I think we’re all familiar with the Borat character and his basic shtick – he goes around posing as a socially backward documentary reporter from Kazakhstan, and films contrived interviews and situations with purportedly normal people, making them look like racists, bigots, or just plain fools in the process. Borat is a character played by the British comedian Sasha Baron Cohen, who also plays other characters such as Ali G, the inept gangster, and Bruno, the over-the-top-gay Austrian fashion designer. Some reviewers claim that he’s making a grand statement about American prejudices and other weaknesses. I think he’s, well, never mind what I think, just don’t see the movie. Or if you do have some irrepressible urge to see it, wait till it comes out on DVD, then watch it with your thumb positioned over the fast-forward button ready for immediate action.

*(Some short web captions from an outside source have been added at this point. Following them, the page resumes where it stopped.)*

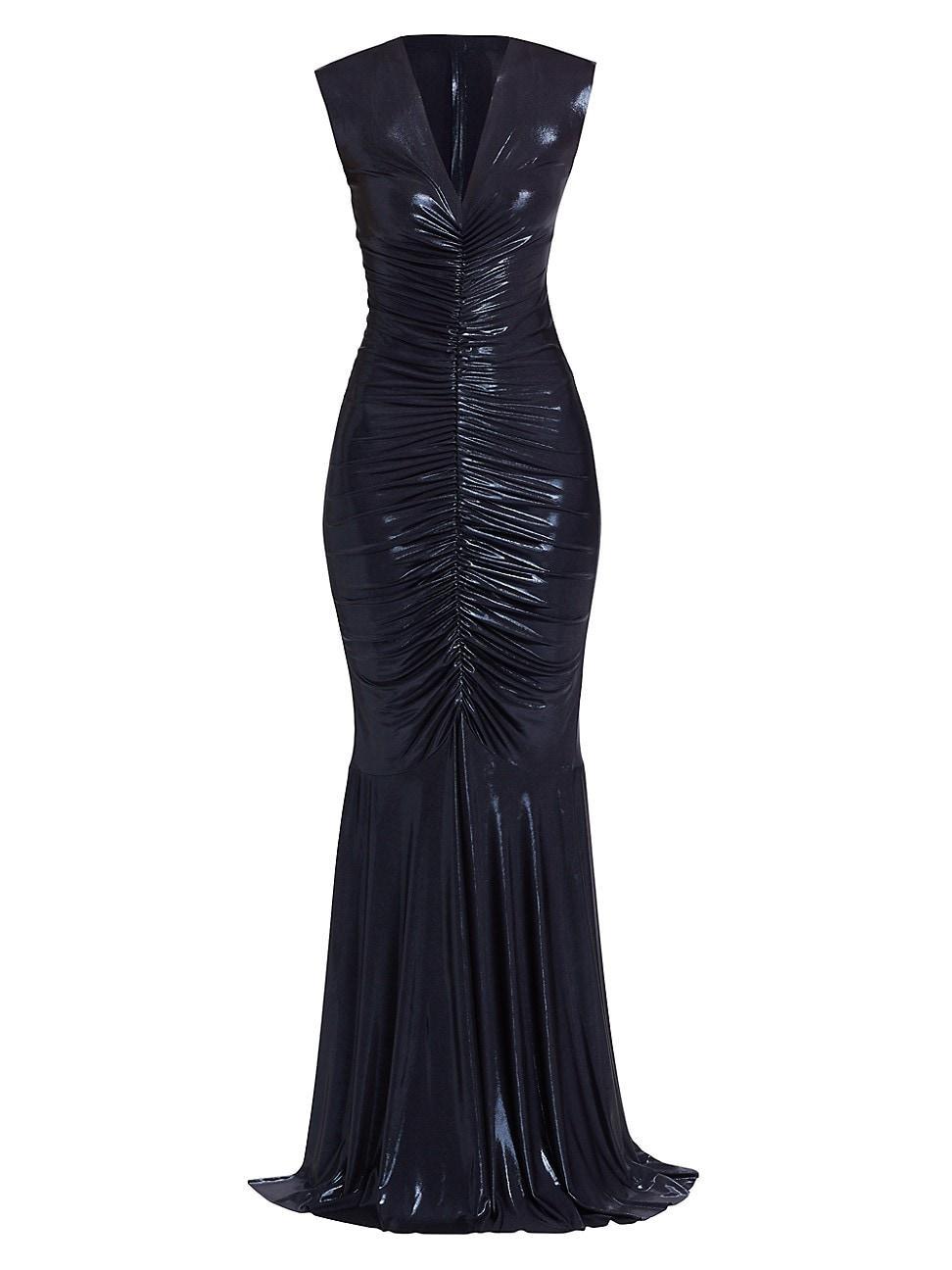 Womens Lam V-Neck Shirred Fishtail Gown Product Image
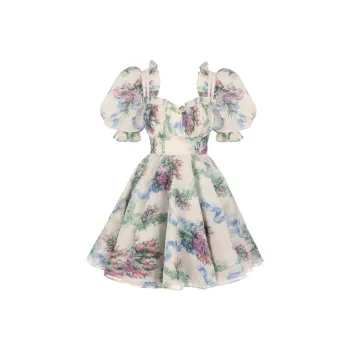 Selkie Collection Short Sleeved Dress Women's White With Tréfonds Rose Print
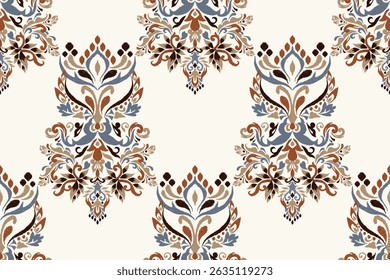 Ikat,Ikat floral seamless pattern on white background,vector illustration,Ikat ethnic oriental seamless pattern,damask seamless pattern.design for textile,fabric,clothing,decoration,print,tile,sarong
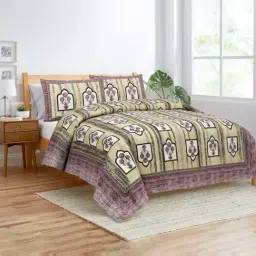 JaipurFabric Green & Purple 180 TC 100% Cotton Jharokha Double Bedsheet with 2 Pillow Covers-image-22
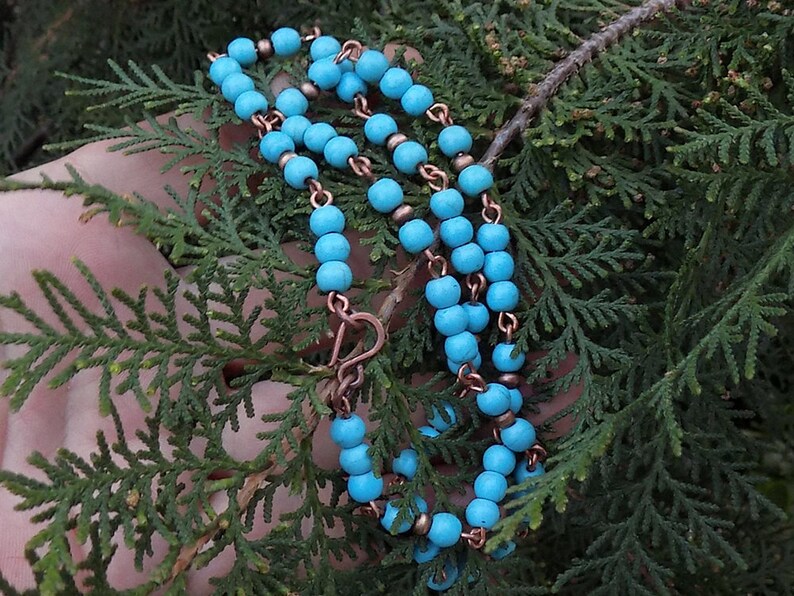 Men turquoise bronze bead copper chain necklace,Men chain necklace,men necklace,turquoise copper bronze men necklace,turquoise men necklace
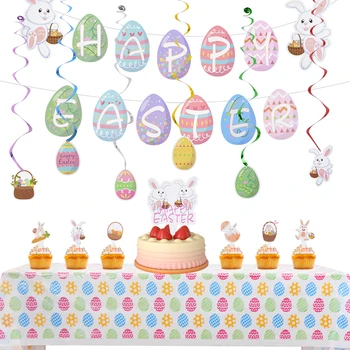 Mutlu Paskalya Dekorasyon Bunny Zemin Banner Çekme Bayrak Masa Örtüsü Tavşan Yumurta Pasta Kaban Ekle Kartı Parti Dekor Malzemeleri Asmak 
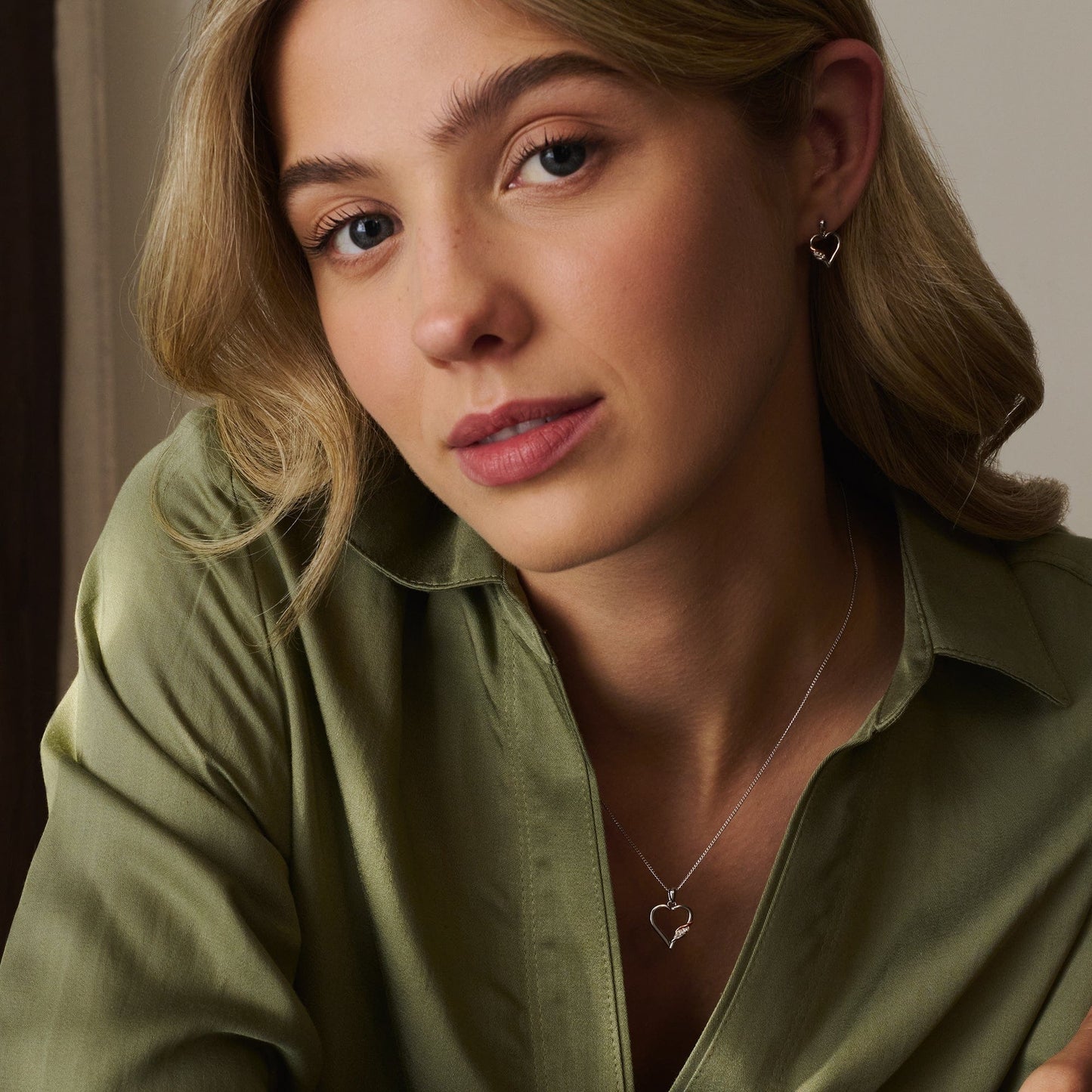 Past Present Future® Sterling Silver Heart Earrings with Topaz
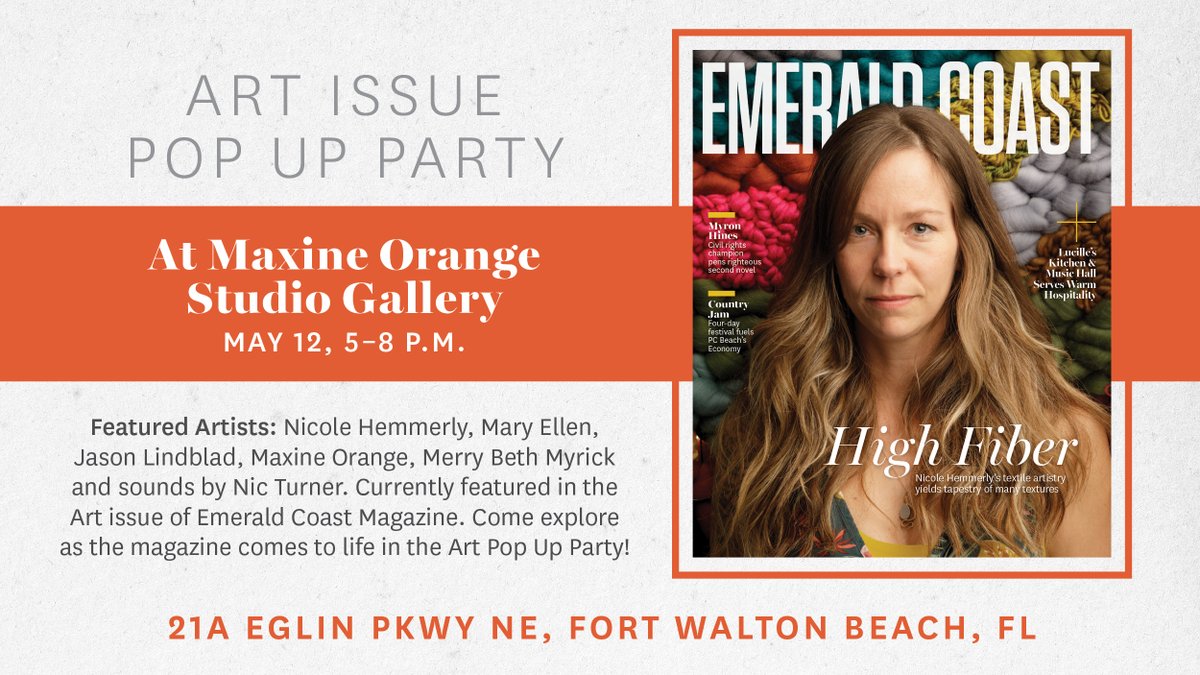 EmeraldCoastMag's tweet photo. Today is Pop Up Party! Swing by between 5 and 8 p.m. at @maxineorange to celebrate the April/May "art issue." See #linkinbio to learn more. See you later! #loveec https://t.co/YFQGKpJ7Ca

But that’s not what I’m here to talk about. I’m here to talk about the original shock comedian / outrageous performance artist, Andy Kaufman.

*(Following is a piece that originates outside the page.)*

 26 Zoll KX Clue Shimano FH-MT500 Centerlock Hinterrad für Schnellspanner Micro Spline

I think most of you are old enough to remember Taxi, the sitcom about a taxi company in New York that ran in the late 70’s. Kaufman played Latka Gravas, the loveable, wide-eyed, bumbling immigrant from communist eastern Europe. Latka on Taxi grew out of one of Kaufman’s stage personae, “Foreign Man,” and was pretty tame compared to Kaufman’s other characters.

Early in his career, Kaufman had an obsession with Elvis Presley, and is widely credited with inventing the art form of Elvis impersonation and launching that industry. Kaufman is reputed to have made a pilgrimage to L.A. to visit the King, hid in a kitchen cabinet, and jumped out when Elvis wandered by.

In the late 70’s and early 80’s, Kaufman, calling himself the world’s first Inter-Gender Wrestling Champion, maintained an offer of $1000 to any woman who could pin him in a wrestling match. Of the over 400 takers, none succeeded, although a few matches ended in a draw, and Kaufman didn’t always walk away unscathed.

Another of Kaufman’s characters was Tony Clifton, an obnoxious, raunchy, talentless lounge singer. Sometimes Kaufman played Clifton as a warm up act to his own, and sometimes Tony Clifton was played by others such as Kaufman's brother Michael or friend Bob Zmuda. In any case, Kaufman and Tony Clifton never appeared together. There was some contrived controversy over the Tony Clifton character, over whether or not it was really Kaufman, and once, Kaufman purportedly planted himself in the audience during a Tony Clifton act, and loudly heckled him, accusing him of being Kaufman. In another instance, Kaufman negotiated to have Tony Clifton written into an episode of Taxi, but once on the set, Tony Clifton's behavior got him thrown out of the ABC studios..

These are just a few of Kaufman's antics; there were many more, both on and off stage, some of which aren’t printable in a “family-friendly” blog. In fact, his whole life was an outrageous performance – he seemed not to have a line of demarcation between life and performance.

So what’s this got to do with Borat? All the hype about Borat, the movie, the lawsuits, the general notoriety, etc., has got me thinking about the truly visionary lunatic Andy Kaufman again. So basically what I’m saying is if that’s the kind of thing you like about Borat, you’ll do well to rent some Andy Kaufman footage.

Okay, I’ll admit, the way Borat decimated the genteel southern dinner party had me ROFLMBO. I think I got a hernia when, upon returning from a conspicuous trip to the restroom, he asked the hostess what to do with his baggie of stool.